Solution : La première chambre civile casse l’arrêt de la cour d’appel de Versailles motifs que :
« Vu les articles 1147 du code civil et 809, alinéa 2, du code de procédure civile ;
Attendu que, pour accueillir la demande de provision, l’arrêt retient, en se fondant sur les constatations des experts, que Mme Y… présentait une grossesse à risque, compte tenu de son diabète, qu’il existait, au vu de la seule échographie structurée à vingt-trois semaines d’aménorrhée, des mensurations et données en faveur d’une macrosomie foetale, qu’il n’a été noté sur le dossier de consultations, pauvre en renseignements, ni indication sur cette complication et sur la conduite à tenir lors de l’accouchement, ni aucune discussion avec la patiente sur cette macrosomie et sur les avantages et inconvénients des deux modes d’accouchement, et qu’une césarienne aurait dû être réalisée, soit en tout début de travail, soit lorsque la patiente était à dilatation complète en l’absence d’engagement ;
Qu’en se déterminant ainsi, sans rechercher, comme elle y était invitée, quelles étaient les données acquises de la science à la date de l’accouchement, alors que M. Z… faisait valoir que l’expert, gynécologue-obstétricien, s’était référé à des publications postérieures à 1989 et s’était fondé sur l’état des connaissances à la date de son rapport, la cour d’appel a privé sa décision de base légale ».
Analyse : Même rendue en application des règles applicables avant l’entrée en vigueur de la loi n° 2002-303 du 4 mars 2002 relative aux droits des malades, cette décision énonce une solution parfaitement conforme aux règles de droit actuelles.
En effet, la Cour de cassation a toujours jugé que « l’obligation pesant sur un médecin est de donner à son patient des soins conformes aux données acquises de la science à la date de ces soins » (Cass. 1re civ., 6 juin 2000, n° 98-19.295, Bull. I, n° 176).

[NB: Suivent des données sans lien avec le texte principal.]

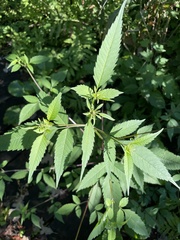 Bidens vulgata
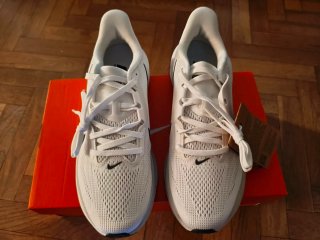 Nike Air Zoom Pegasus 42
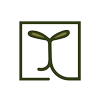 Avatar of DicotLandStudio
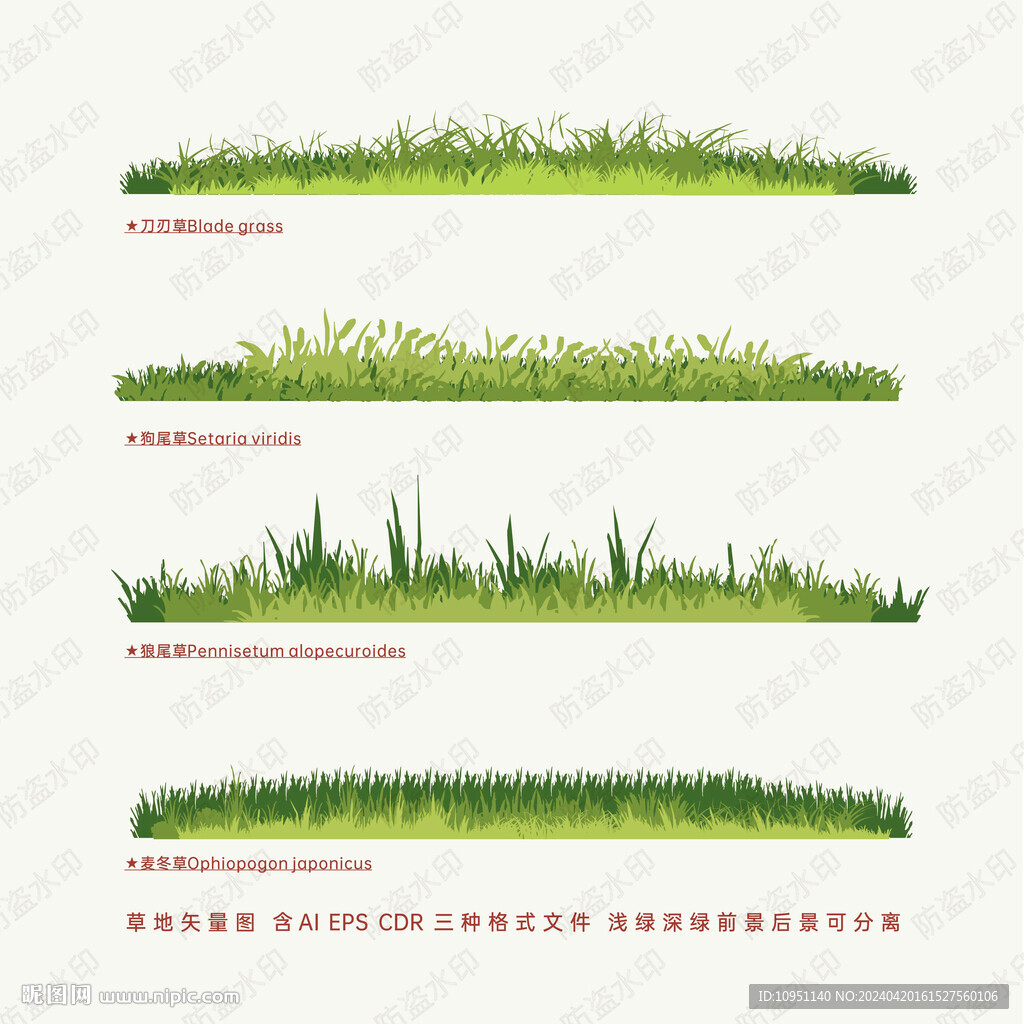 草地草丛矢量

La règle a été reprise, en des termes différents, par l’article L. 1110-5 du code de la santé publique qui dispose : « Toute personne a, compte tenu de son état de santé et de l’urgence des interventions que celui-ci requiert, le droit de recevoir, sur l’ensemble du territoire, les traitements et les soins les plus appropriés et de bénéficier des thérapeutiques dont l’efficacité est reconnue et qui garantissent la meilleure sécurité sanitaire et le meilleur apaisement possible de la souffrance au regard des connaissances médicales avérées« .
C’est donc au regard des connaissances scientifiques applicables à la date des soins, que l’expert judiciaire doit éclairer le juge sur la conformité de l’acte de soins litigieux aux règles de l’art. Il ne saurait, par exemple, être reproché à un médecin de ne pas avoir réalisé une mesure exploratoire (tomodensitométrie), qui aurait permis de diagnostiquer une méningite, dans la mesure où il s’agissait, à l’époque des soins (1979), d’un examen d’exception qui n’était pas encore d’usage reconnu chez le jeune enfant (Cass. 1re civ., 10 juillet 2001, n° 00-12.359).

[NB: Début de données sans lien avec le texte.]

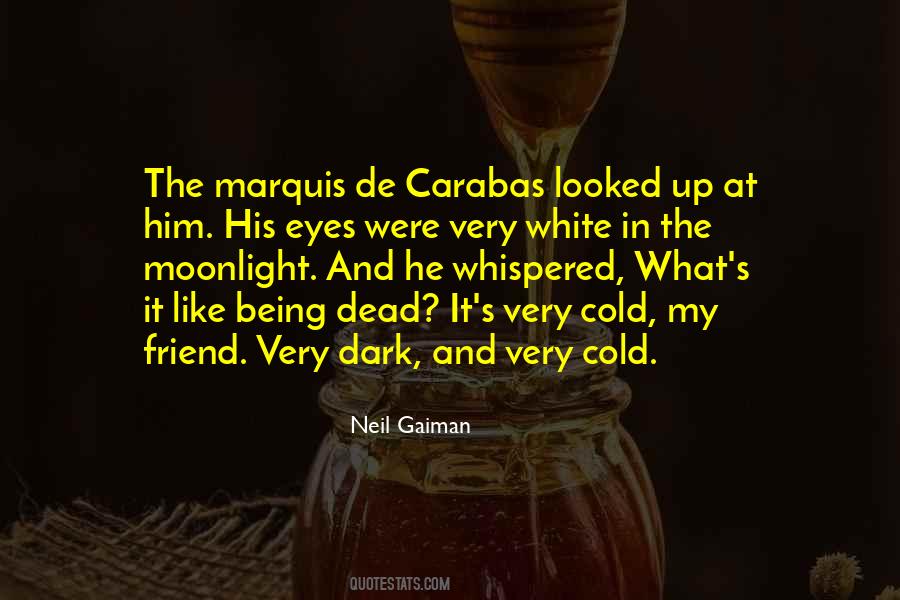 Dark Cold Quotes #518439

En l’espèce, l’expert judiciaire s’est fondé, dans son rapport dont les conclusions ont été homologuées par les juges du fond, sur des publications postérieures à 1989 pour considérer que le gynécologue obstétricien aurait dû réaliser l’accouchement par voie de césarienne plutôt que par voie basse. C’est donc fort logiquement que la Cour de cassation censure l’arrêt attaqué dans la mesure où la décision médicale ne pouvait être appréciée qu’au regard des connaissances scientifiques à la date de l’accouchement.